The last show for me on Friday night was by the Finnish Pauli Lyytinen Magnetia Orkestri, featuring beside Lyytinen on sax the amazing trumpet player Verneri Pohjola, Mika Kallio on drums and Eero Tikkanen on bass. The first thought that came up when listening to their music was: Edvard Vesala! The Magnetia Orkestri has the same playfulness, power and melodic approach as some of Vesala’s music. Fresh and exciting and played on the highest level.

Saturday’s showcases started for me with German sax player Paul Heller, who grouped with Dutch jazz legend and keyboarder Jasper Van’t Hof, Martin Gjakonovski on bass and Bodek Janke on drums to deliver a jazz and fusion show of top quality. After that it was Okeh recording artist Markus Stockhausen, who presented his latest album ‘Far Into The Stars’ live to an enthusiastic audience. His band Quadrivium, with Angelo Comisso on keyboards, Joerg Brinkmann on cello and Christian Tomé on drums, created beautiful sounds and grooves for Stockhausen to lay his enchanting trumpet melodies on top. Live and on record this is special music by a very special composer and performer.

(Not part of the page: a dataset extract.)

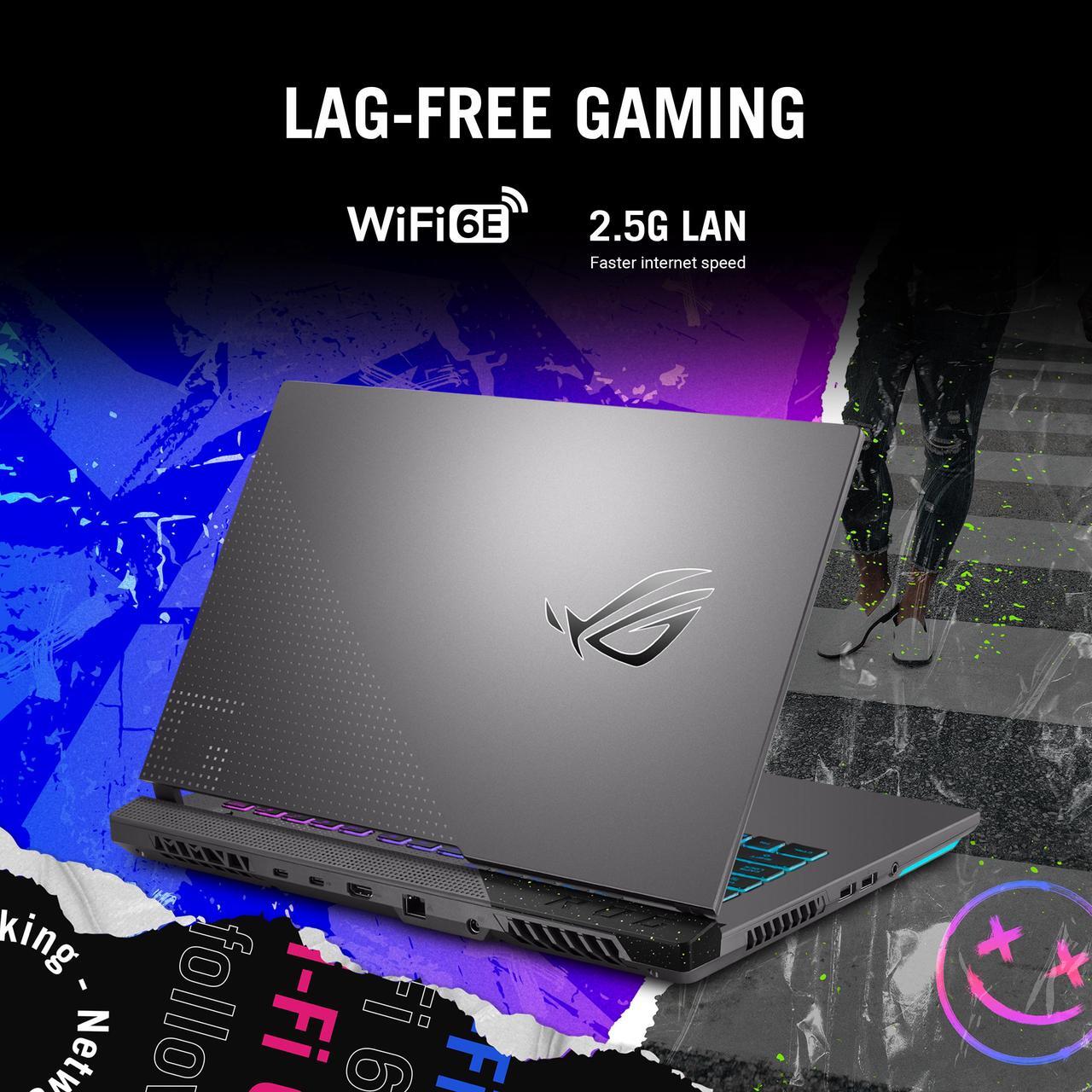 Alt view image 5 of 8 - ASUS ROG Strix G15 (2022) Gaming Laptop, 15.6" FHD 144Hz, GeForce RTX 3050, AMD Ryzen 7 6800HS, 16GB DDR5, 512GB PCIe SSD, Wi-Fi 6E, Windows 11, G513RC-ES73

Petros Klampanis, the Greek bassist who lives in New York, and his group performed a wonderful set based on Klampanis’ compositions, which take the listener to melodic excursions between jazz and classical music – dreamlike, accessible and beautiful. And with the immensely talented pianist Kristian Randalu, who recently released his first album on ECM, Bodek Janke on drums and a string section consisting of Olga Holdorff and Sofia Baltatzi on violin, Sara Rilling on viola and Gregor Furhmann on cello, he had the band to perform his music to perfection.

 

 

 

 

 

 

 

 

 

 

 

 

 

 

I wanted to see Jazzmeia Horn a bit later, but didn’t make it into the venue, so full was the place – instead I watched the performance on TV and did enjoy her show a lot – she truly is a special talent and her vocal skills and her scatting are very impressive. Looking forward to see her again hopefully soon and on stage instead on a screen. Pianist Gregory Privat really got his audience in his showcase with Chris Jennings on bass and Laurent-Emmanuel Tilo Bertholo on drums. Rhythms from Martinique and a general influence from Caribbean music are informing his very personal style of jazz. A great musical understanding within the trio did help to make this a remarkable set.

On recommendation I went to see the show of the ACA SECA trio, which started 20 past midnight …. but left after 2 songs as the sound in the room was simply unbearably bad and one couldn’t really enjoy the music, which seemed to be really interesting. Pity.

jazzahead is a celebration of jazz, of improvised music in all its forms. It is not an industry event for clapping each other on the shoulder, but an exchange of necessary ideas for changing the way our music is distributed, marketed and brought to a wider audience. Streaming as such is not the real problem – the problem is to get the jazz audience to switch to the new form of listening to music and they will, once the streaming services have improved the way this music (and classical music as well) is presented in a way the consumer wants it to be.